**Task description:** Please return exactly the line that contains "Beat the House gallery image" and every line after it, through the last line of the records below, with no pictures.
*** Block opens ***
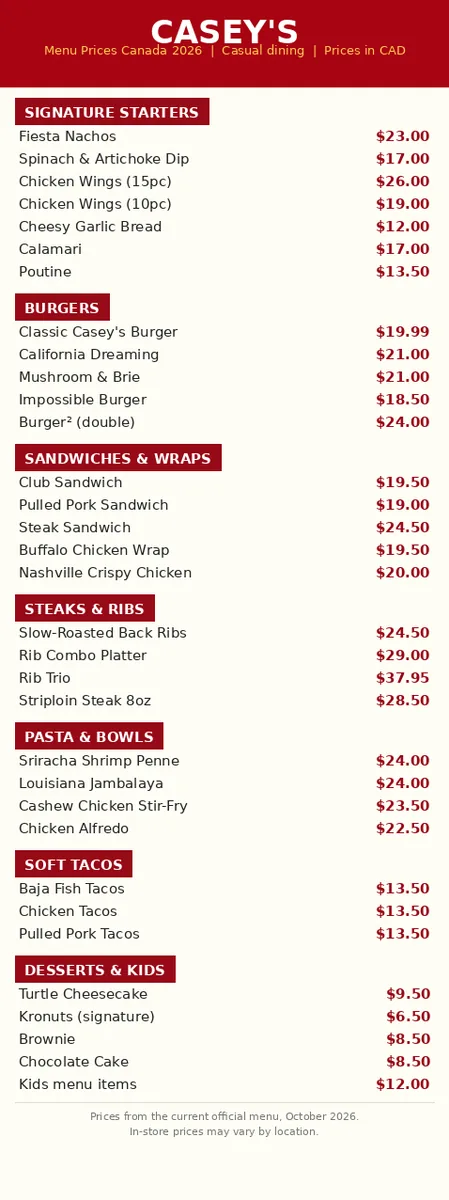 caseys menu prices canada: current Casey's Grill Bar Canada menu card with signature starters, burgers, sandwiches, ribs, wings and dessert prices in CAD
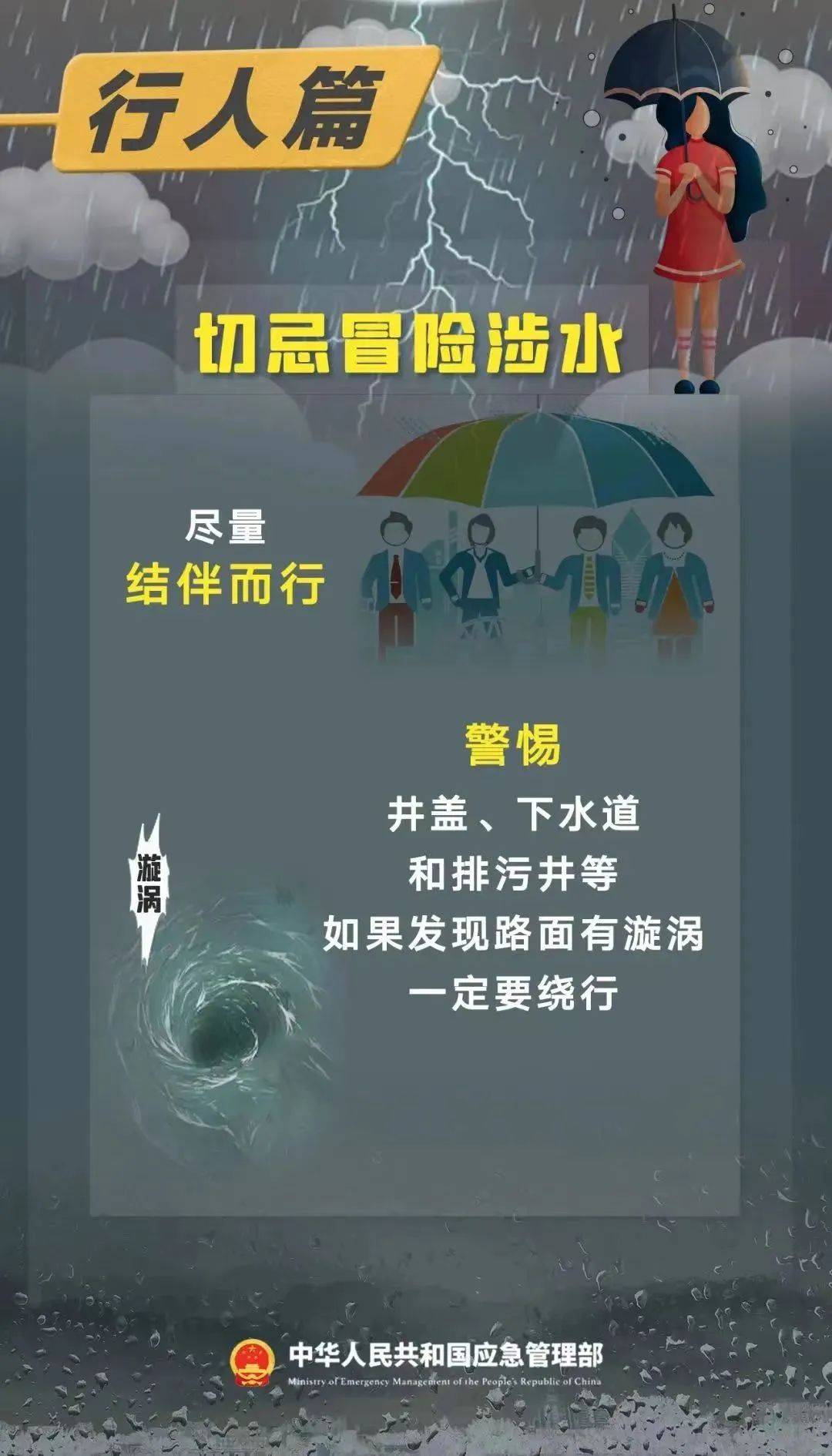 柳市天气在线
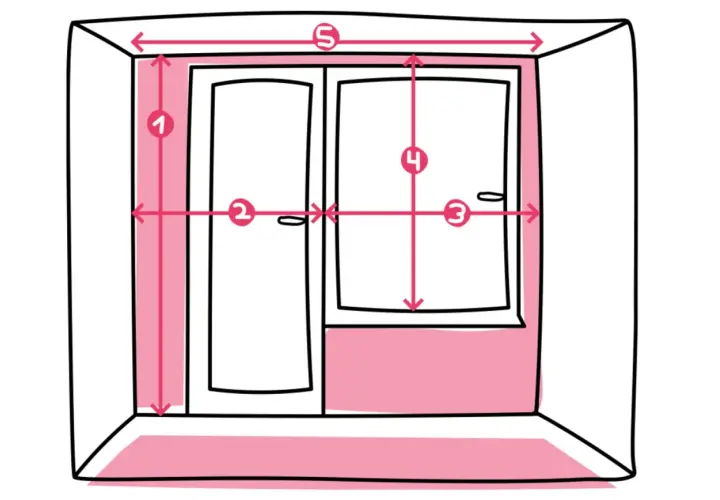 Illustration zeigt Maße für Gardinen bis Fensterbank oder Boden. Zahlen markieren Höhe und Breite von Tür und Fenster.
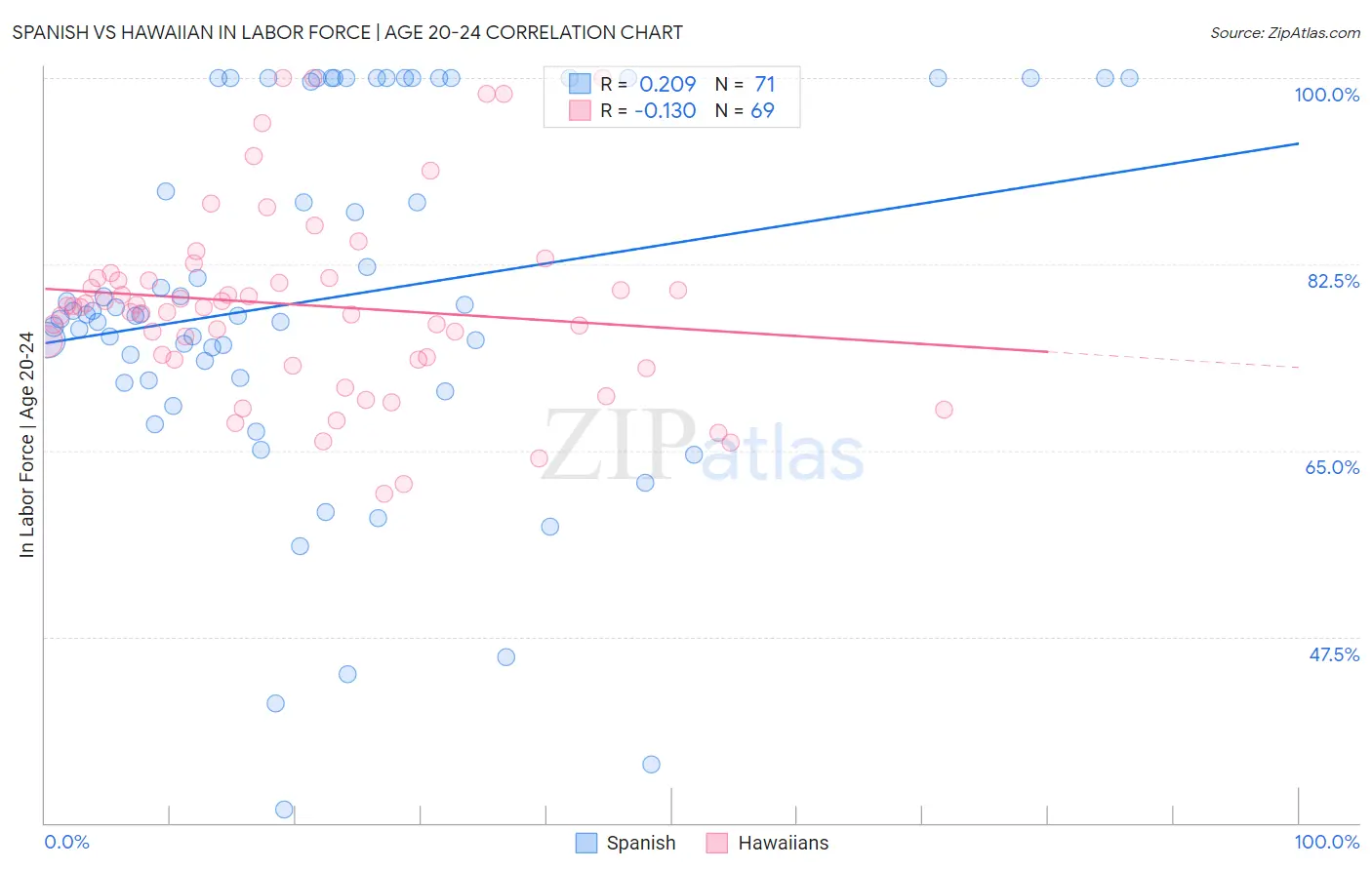 Spanish vs Hawaiian In Labor Force | Age 20-24
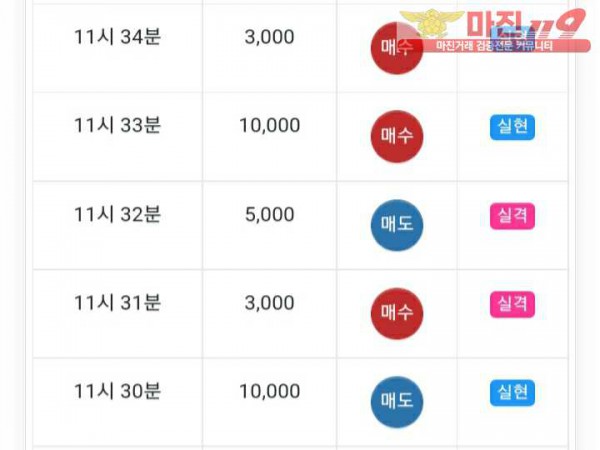 글로벌777점 수익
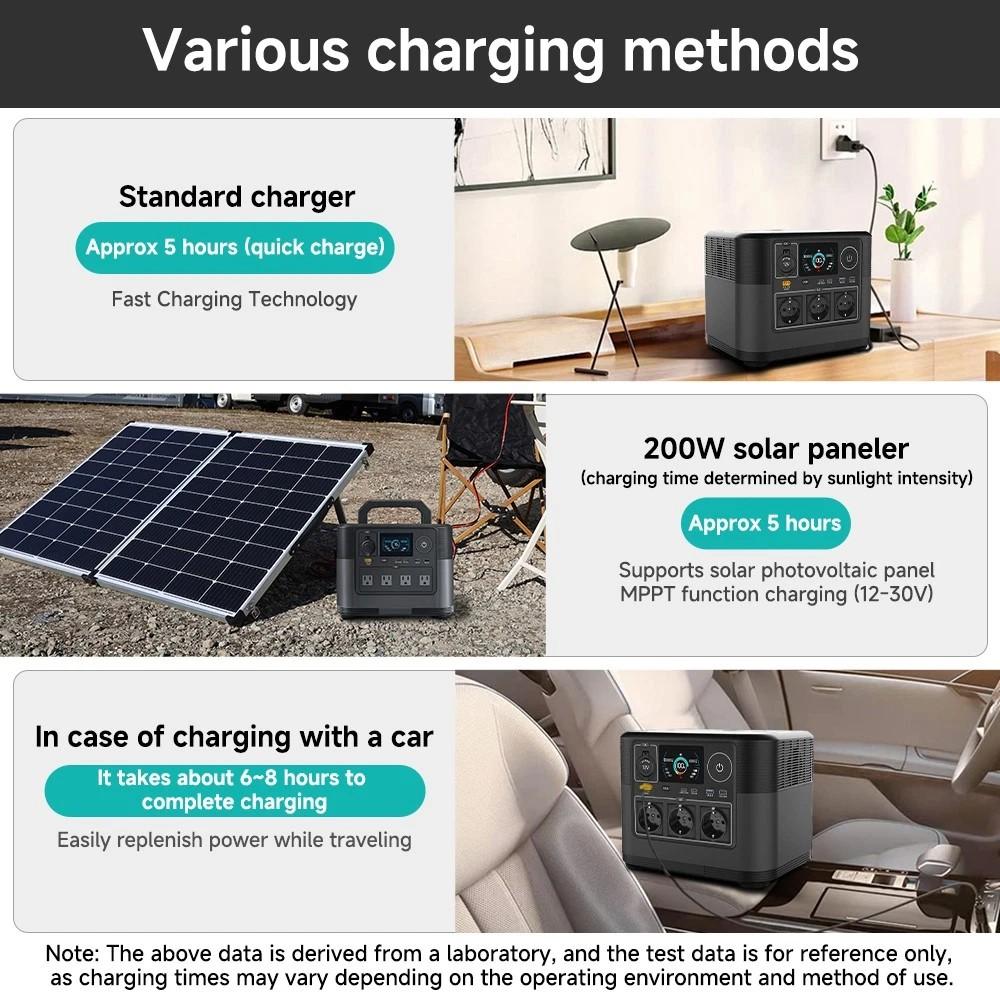 1200W Portable Power Station Solar Generator 1008Wh Lifepo4 Battery Home Backup Outdoor Camping Mobile Power EU Local Shipping
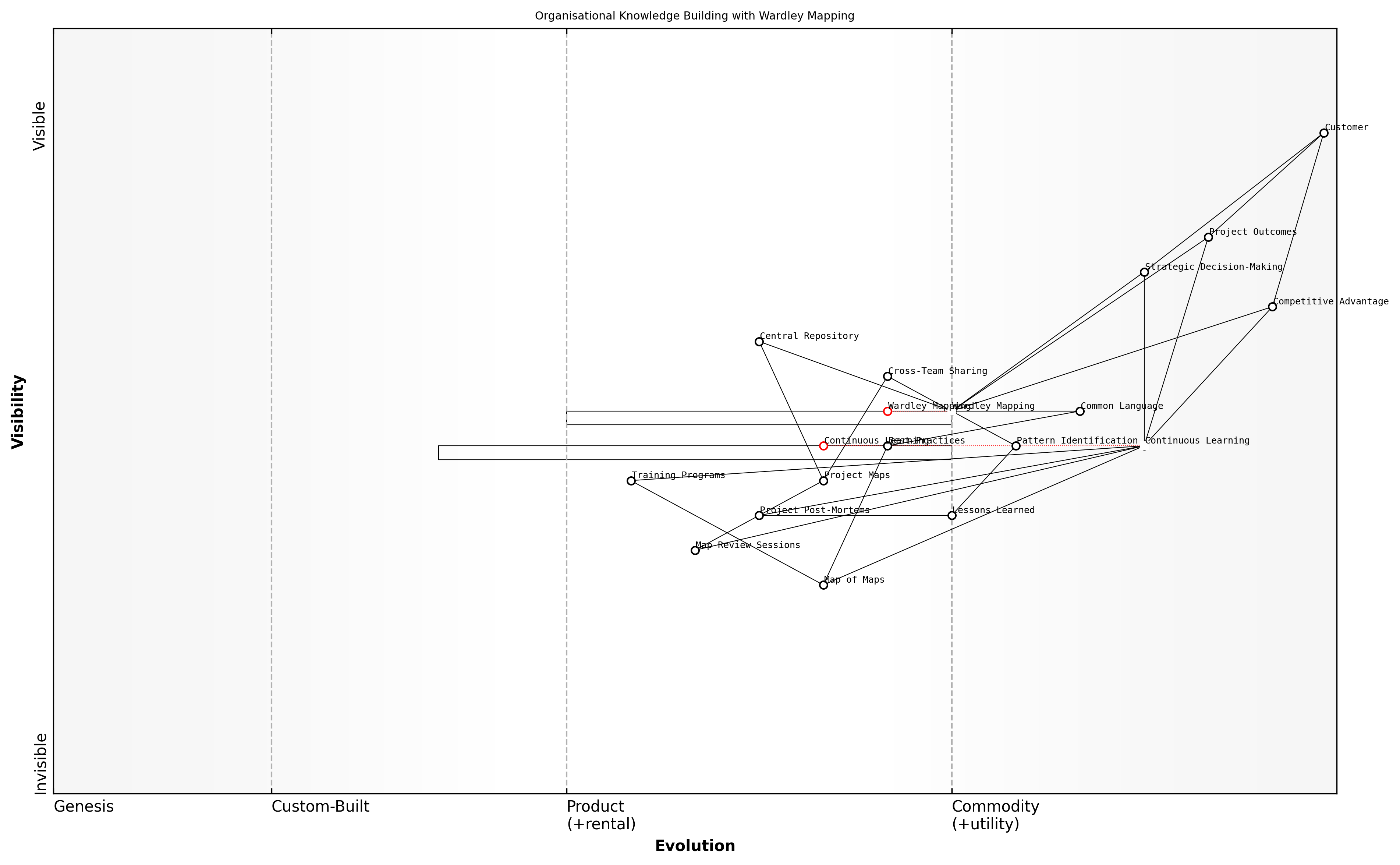 Draft Wardley Map: [Insert Wardley Map: Building organisational knowledge through mapping]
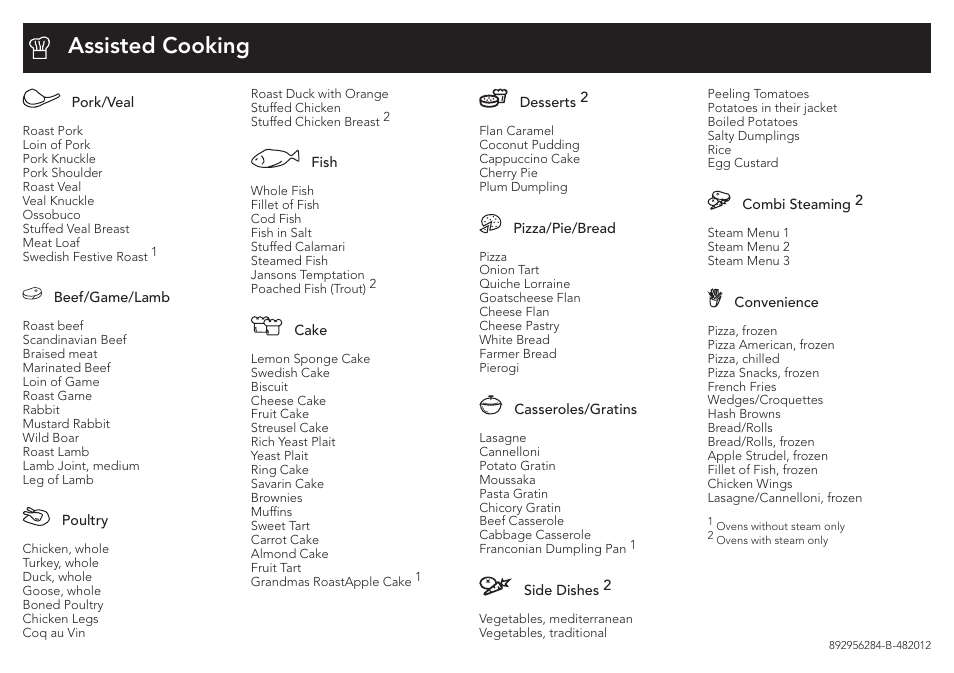 Assisted cooking | AEG BE3003021W User Manual | Page 4 / 4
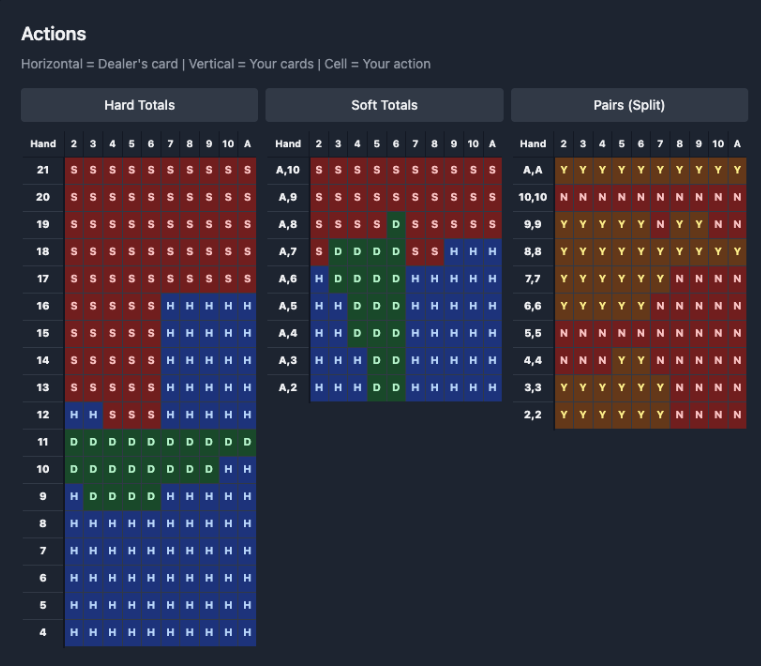 Beat the House gallery image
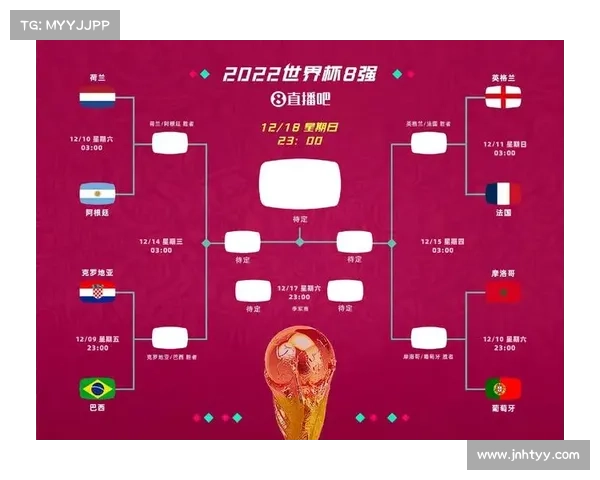 2026年国际足联世界杯淘汰赛阶段完整对阵安排及赛程解读 2026年国际足联世界杯淘汰赛阶段完整对阵安排及赛程解读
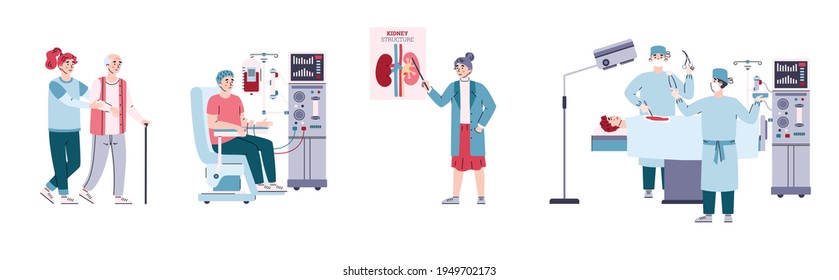 Conjunto de insuficiencia renal con médicos y pacientes, ilustración vectorial aislada.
*** Block closes ***
**Answer for the task:**
 Beat the House gallery image
 2026年国际足联世界杯淘汰赛阶段完整对阵安排及赛程解读 2026年国际足联世界杯淘汰赛阶段完整对阵安排及赛程解读
 Conjunto de insuficiencia renal con médicos y pacientes, ilustración vectorial aislada.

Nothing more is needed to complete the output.